The absence of such access is painfully visible in Audrey and George McT. Kahin's ''Subversion as Foreign Policy,'' a scholarly, wordy and discursive account of a little- known episode in US policy toward Indonesia in the 1950s. In supporting a military rebellion in Sumatra and the Celebes in 1958, Washington had chosen ''to hold [President] Sukarno's feet to the fire,'' as Frank Wisner allegedly informed a CIA subordinate.

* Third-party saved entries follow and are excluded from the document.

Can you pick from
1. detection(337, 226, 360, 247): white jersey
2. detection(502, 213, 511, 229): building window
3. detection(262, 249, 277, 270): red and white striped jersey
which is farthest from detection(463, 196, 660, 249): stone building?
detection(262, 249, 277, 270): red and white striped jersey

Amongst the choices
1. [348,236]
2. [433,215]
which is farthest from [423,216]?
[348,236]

Sukarno had angered Secretary of State John Foster Dulles with a neutralism Dulles considered procommunist. Seeking a counter-force to such Communism, the brothers Dulles, John Foster and CIA Chief Allen, turned to the Indonesian Army, which had emerged a highly politicized force after the war of independence. Thereafter, it was not unusual for some colonel 1,000 miles from the central government in Java to proclaim the independence of ''his'' region as part of a bid for regional power.

What made the events of 1958 different was CIA intervention, in providing cash and smuggled weapons - frequently from American submarines - and, above all, in air raids by CIA aircraft and hirelings. The worst example was that of Allen Pope, who killed some 70 civilians in a bombing raid that went awry, before he was shot down and imprisoned for four years.

None of it worked. Sukarno had loyal and effective forces. They easily defeated the Sumatran rebels, who had underestimated their own power. So had the Americans, who backed off within months, eventually settling with Sukarno.

All this the Kahins present thoroughly, persuasively, but also drearily. They write as acknowledged experts on Indonesia, with a wealth of background that few readers will have, but with little dynamism or vision. For this sad incident demands not simply data, but insight. It was, after all, costly, with thousands of Indonesian casualties - though not a single American. And it was thoughtless and irresponsible.

That anticommunist obsessions should have spurred the CIA to conduct an undeclared war against a sovereign state: here was an arrogant forerunner to Vietnam, and an ominous indication that the young men at Langley were losing their touch.

While one side of the CIA was conducting such operations, another was deep into political warfare, creating what Eric Chester calls the ''Covert Network,'' an array of front groups, innocent in name, vague in description, sharing a generalized anticommunist mission - and costing the taxpayer plenty.

Drawing on three documentary collections from the CIA history staff (available from the National Technical Information Service for $28.50 each), Chester pinpoints these groups, from the American Committee for Liberation and the American Friends of Captive Nations, through the Asia Foundation and the Freedom Fund, to the International Rescue Committee.

As with so much in the early cold war, their specific purpose was obscure: the following may convey the flavor. Czech or Polish or Russian anticommunist emigres, formed by the CIA into paramilitary units, marking time in West Germany. With snippets of data from obscure archives, Chester is skilled at portraying a strange era of unexamined assumptions, lavish funding - and ultimate disappointment.

These collections from the CIA history staff offer us a highly selective peek into certain administrative and intelligence aspects of the years 1946-59, as well as a more comprehensive overview of the 1962 Cuban Missile Crisis.

The agency has, of course, always manipulated the notion of secrecy, leaking information to its bureaucratic advantage from the very beginning. And Allen Dulles evolved, while director, into a superb public-relations impresario. Nevertheless, for the CIA to publish documents is unusual, part of the trend toward greater openness that began in 1992.